Sleep is important. I know this. My dad reminds me all the time. I am aware that I should be getting more, that not getting enough sleep can have all kinds of drastic effects. I watched a show on it with the rest of my family – it was called Sleepless in America and raised my stress ten notches by informing me that sleep deprivation causes mental illness and cancer. Despite all this, I can’t seem to get enough sleep. I don’t feel tired until late, which makes it really hard to get to bed at 9:00 like I would need to in order to get my full 8 hours. I know this is the natural teenager sleep cycle, but it still feels like failure when I’m unable to do what I know I need to. Also, my being tired is similar to my being hungry or thirsty – I feel it for a little while, but if I don’t act on it immediately it goes away and I feel fine, even as I get completely run down. I don’t feel it until the next morning – getting out of bed becomes progressively harder even as staying up feels more natural. It’s a vicious unending cycle as I get pushed into a totally different time zone by my messed up sleep schedule. Every week I feel more rundown, and the more rundown I am the harder it gets to force myself to do my homework, resulting in my staying up later trying to finish.

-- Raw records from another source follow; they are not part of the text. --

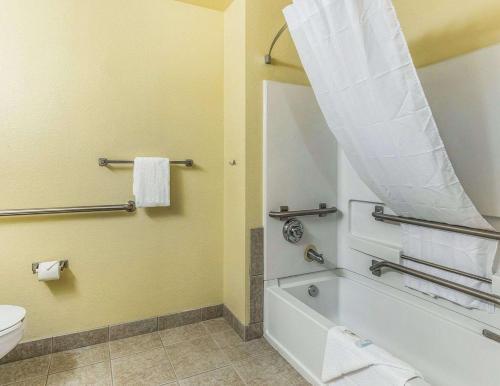 Photo – Suburban Extended Stay Hotel Fort Myers Cape Coral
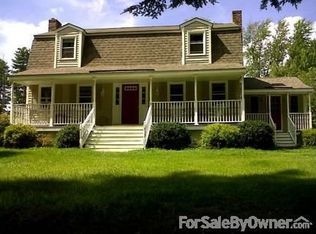 4 Red Fern Cir, Londonderry, NH 03053
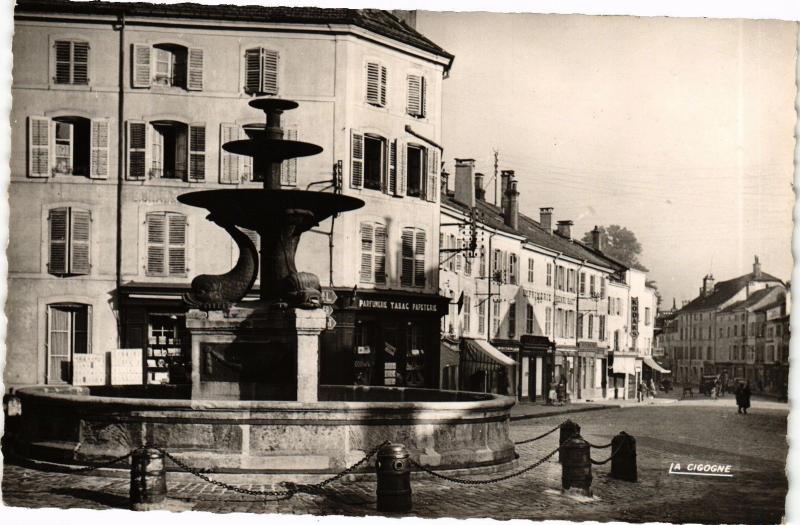 CPA REMIREMONT Fontaine de la Place de la Courtine et Rue de la Xavée (185020)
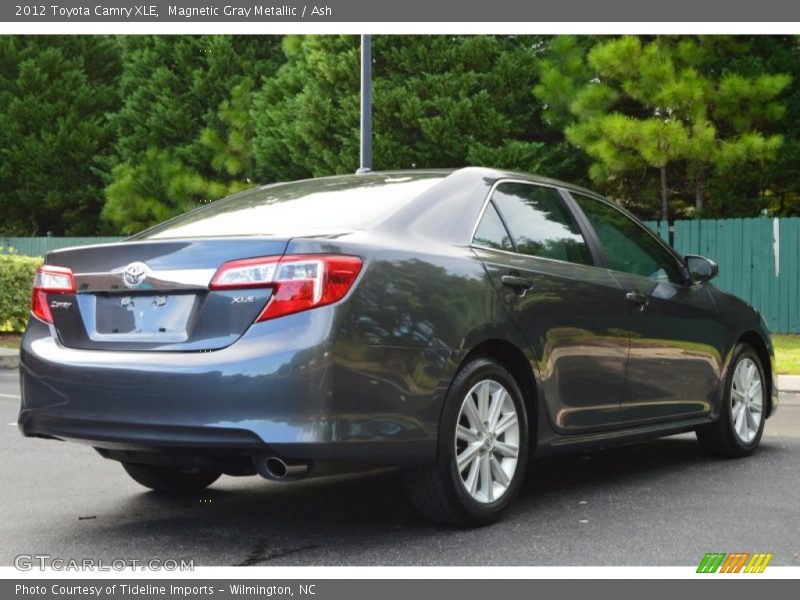 Magnetic Gray Metallic / Ash 2012 Toyota Camry XLE
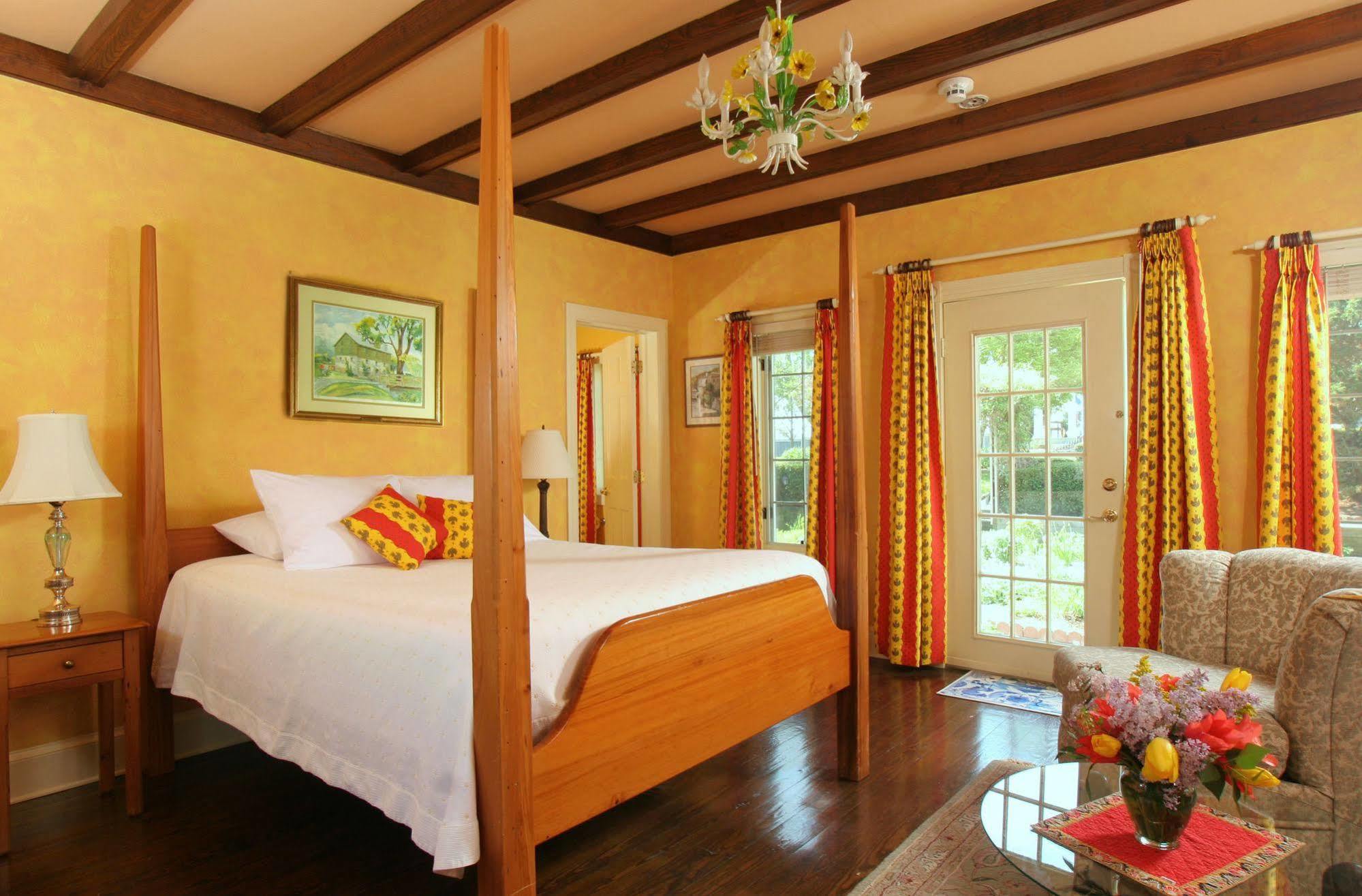 L'Auberge Provencale Inn & Restaurant Boyce ภายนอก รูปภาพ
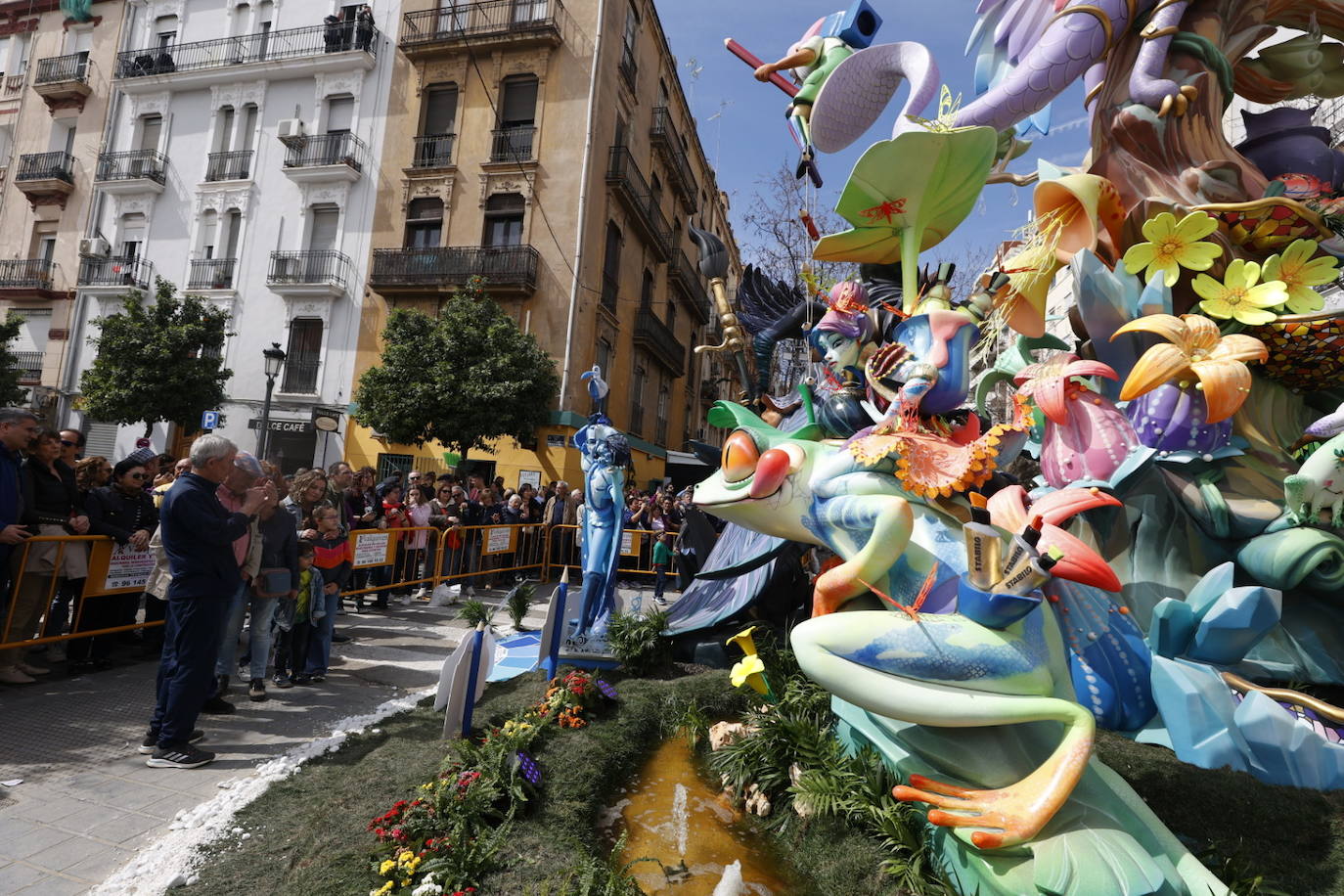 El público no se pierde el primer premio de las Fallas 2023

I’ve never been good at getting to sleep. my mom is really good at it – she can close her eyes and flip her sleep switch anywhere – but it’s always been harder for me. I’m basically unable to nap unless I’m extremely sick or beyond exhausted, and I need it to be completely quiet and dark if I want to drift off. Even in perfect conditions, I often lie awake staring at my ceiling for what feels like forever. I think it takes an hour for me to actually go to sleep after turning my light off, because I can’t bear to think it’s more. I’ve developed many methods to try to get to sleep over the years, but they’re only effective so far. When I was little I would tell myself stories in my head until I slipped into a half dream state and from there to dreams. That’s normally how falling asleep works for me – the dreams come as I drift off and wake up. I have really weird dreams. I might tell you about them sometime, but be warned I’m horrible at describing them. Anyway, other methods for falling asleep include focusing on my breath and heart beat and slowing them down, listening to rain on my skylights, imagining myself floating in water and each breath out sinking me deeper as the light slowly fades from blue to black (I know that sounds like drowning, but it’s actually really relaxing), focusing on relaxing each muscle in my body one by one, and getting up and getting a glass of water after everyone else’s lights are out. That last one is best when the moon is out. It’s kind of spiritual for me, a silent moment when I feel alone and connected to the world as I stare out the window with my glass  in my hand, slowly drinking my water before going back to bed. None of these is fool proof, but they’re the most effective. Going to bed is quite an endeavor for me, requiring the completion of ten different routines on my way to rest. It’s probably no wonder I’m sleep deprived – sleep isn’t easy. Still, to me it’s precious.

I just stayed up late writing a blog post about sleep. Oh, the irony. Goodnight!